ここはレジスタンスのアジト。決して選定施設ではなく、あれは過去の出来事なのですが、私の手にはあの時締めたシャリテの首の感触が残っているような気がします。
(そう……。私はあれをきっかけに、僅かに残っていた自我を完全に捨ててしまったんです)
シャリテを失った以降の私は、どのような命令でも躊躇することなくこなすようになり、ゴルグ=ラインソールの養子として引き取られることになりました。
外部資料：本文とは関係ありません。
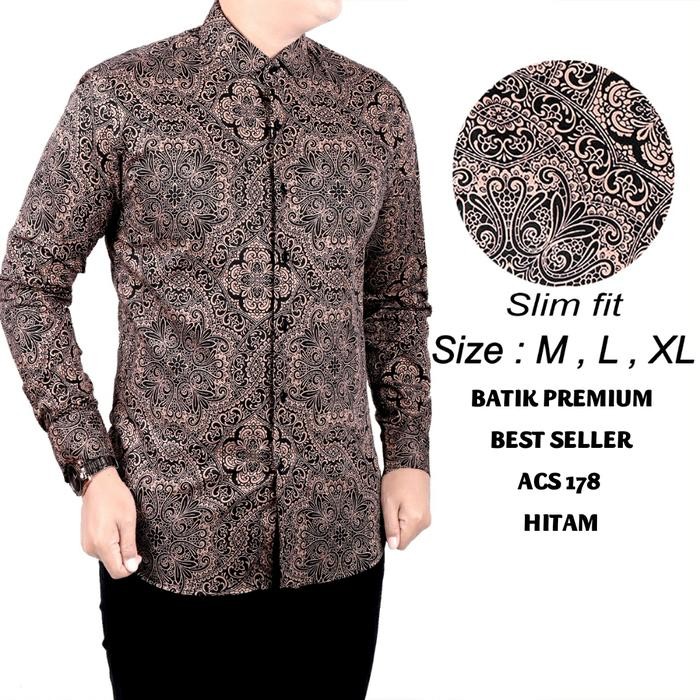 KEMEJA BATIK PRIA SLIM FIT / BAJU BATIK PRIA SLIM FIT ACS178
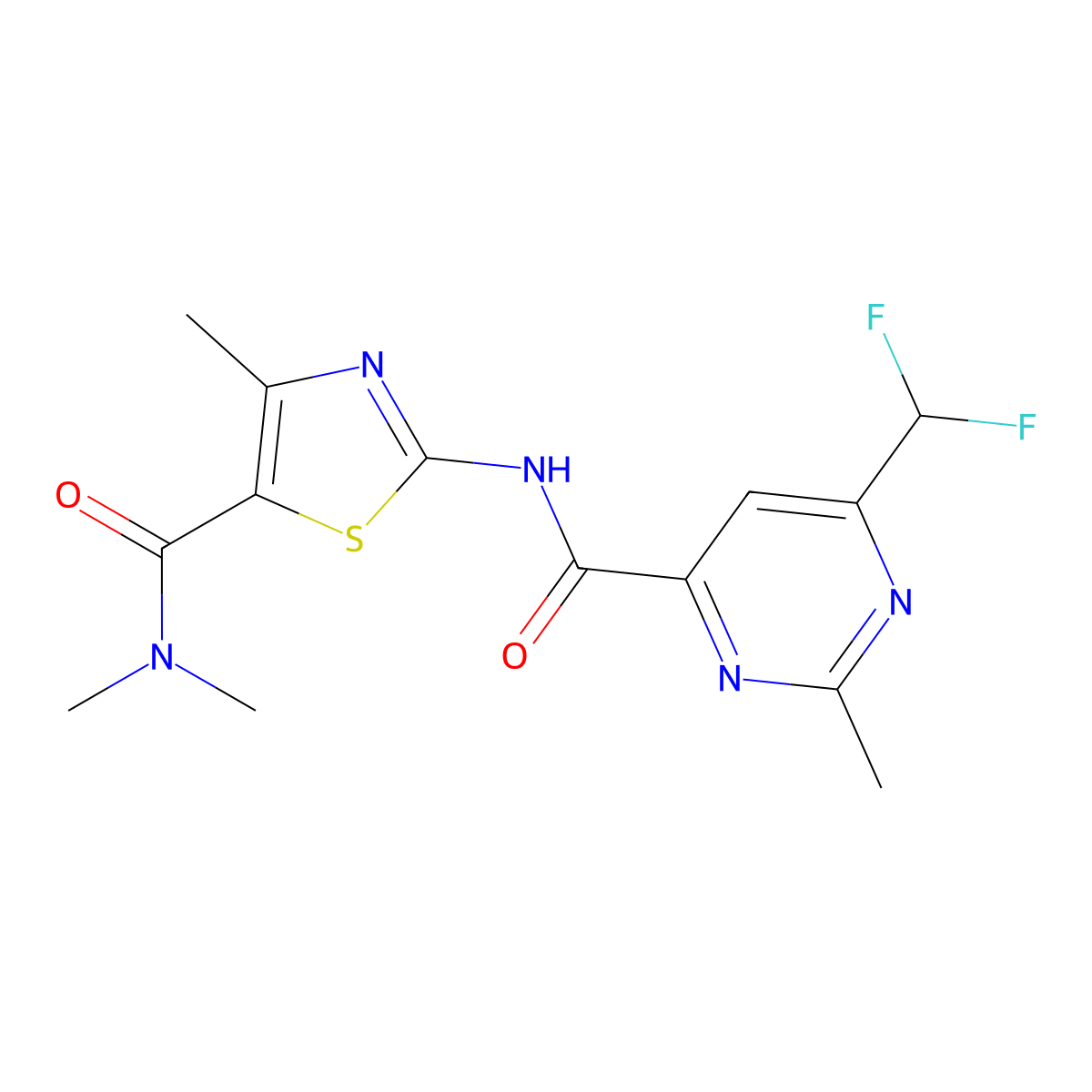 6-(difluoromethyl)-N-[5-(dimethylcarbamoyl)-4-methyl-1,3-thiazol-2-yl]-2-methylpyrimidine-4-carboxamide molecular structure, CAS 2877641-93-3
そして彼の直接の指揮の元、更なる訓練を重ね、完全な操り人形として完成したのです。
篠槙さんの死を経て新たな自我が芽生えるまで、シャリテのことは覚えてこそいましたが、もう悲しみを感じることは無かったのです。
ですが今は、再び涙を流したくなるほどに悲しい気持ちで一杯です。
でも、それと同時に……。
(やはり、私はゴルグの操り人形なんです。意志など、持ってはいけない)
シャリテを犠牲に完成した私の性質。
それを無くしてしまうことは、彼の死を無駄にしてしまうことではないか。
ゴルグの威圧だけではない、そのことも私の状態を人形側へ振り戻していく要因となりました。
気付けばもう、悲しみの感情は霧散していました。
アジトの皆さんを思い浮かべても、感情が湧き出ることはなく、冷静に分析することが出来る。
私は立ち上がり、部屋の扉の前まで移動します。
そして訓練によって得た演技力を活かし、レジスタンスのメンバーとしての「エリーナ=ラインソール」に戻りました。